Before I first got sober in 1983, I knew that I had a great many dreams and goals, none of which I did very much about, if anything at all, in terms of achieving them. I knew that failed romantic relationships weren’t my fault or responsibility, that I knew how to solve all the problems in the world besides my own, that I had a good sense of what was “wrong” with other people (though not a clue as to what was truly going with me). I might pass that off as being very young, but even if that were so, it didn’t bring me any closer to knowing who I was. Besides, there were many people my age who handled and worked through such things much better than I could have imagined.

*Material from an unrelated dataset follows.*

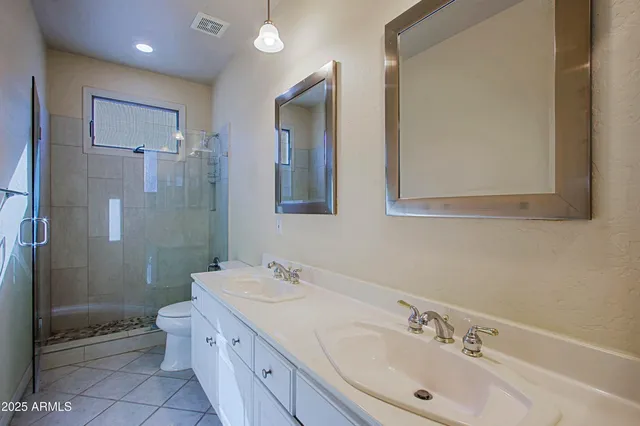 a room with furniture a large window and a sink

A great many of us struggle with the concept of self-identity through the course of our lives. It is, perhaps, our greatest struggle. We’re mostly on intimate terms with our habits, our tendencies, our likes and dislikes, though often less so when it comes to our strengths and weaknesses. Personally, I believe it’s more helpful to concentrate on our perceived strengths rather than focus on our perceived weaknesses in terms of growing as a person and making progress as a decent human being, if those are the terms under which we choose to assess ourselves. Based on personal and professional experience, I've learned many of us have little idea about how other people experience us, except in the case of very extreme or very reliable behavior on our part, the latter of which takes time. And, even still...

I have no idea what people mean when they tell me to be myself before a job interview. I believe that most of us struggle with this within the context of presenting ourselves as being a good match for a particular interviewer about whom we know very little, if anything at all. The interviewer is generally not as interested in seeing who you are as much as she is in believing that you’re capable -- or that you at least have the potential -- of doing the work that needs to be done or, even better, to do it in a way that surpasses the requirements of the job. But not always. So, as the interview approaches, we start to get a little anxious and may even panic. “What the F**K does ‘be yourself’ even mean?! If I’m myself, they’ll have security escort me from the building!” Yeah. So, we grab an off-the-rack identity in order to survive the interview or to avoid saying anything that’s “wrong” or “stupid” which, in turn, muffles our passion for what we do or for what we’d like to do, ultimately yielding to an executioner that carries many identities, including but not limited to “I’m a people person.” “I’m never late for work.” “I love working with people.” “My one weakness is that I tend to take on too much responsibility.” And the last thing that the now-buried truer self hears is “Next!” Who I truly am never made it to the interview. Or the date. But enough of that for now.

Faith offers the possibility of living a meaningful life. Like love, faith is not a thought, a process of thinking or believing, or a conclusion of the mind. Faith is a task that is demonstrated in what we do, and what we avoid doing. It is both an attitude and a way of being in the world, the conviction that no matter what I want to accomplish, I will do whatever is necessary to get there. It’s a belief in what I’m capable of pushing myself to do in order to get to a better place. And just as soon as we’ve discovered that we’ve made such a commitment, we let go of the outcome entirely. If not, then this is not an act of faith, but of standard operating procedure that offers a certain probability that I’ll get what I want. A dispassionate relationship with all that is external to who and what I am, of who and what I see myself as becoming.

The process of faith, of doing whatever I need to do to get where I want to be is, in itself the outcome at every moment. What and where I want to be is to be alive in the present moment. Faith isn’t about something that I’ll do, or achieve, or get somewhere or sometime down the road, some phantom that only exists within the confines of my imagination but does not and may never exist in what we’ve come to know as reality. It’s about what I’m doing in every moment to get to a better place and accepting that that “better place” is likely to be something very different than what I originally envisioned it be. The better place is in the doing, in the struggling. In the end, and unless I’ve missed something very important, that’s all we truly have.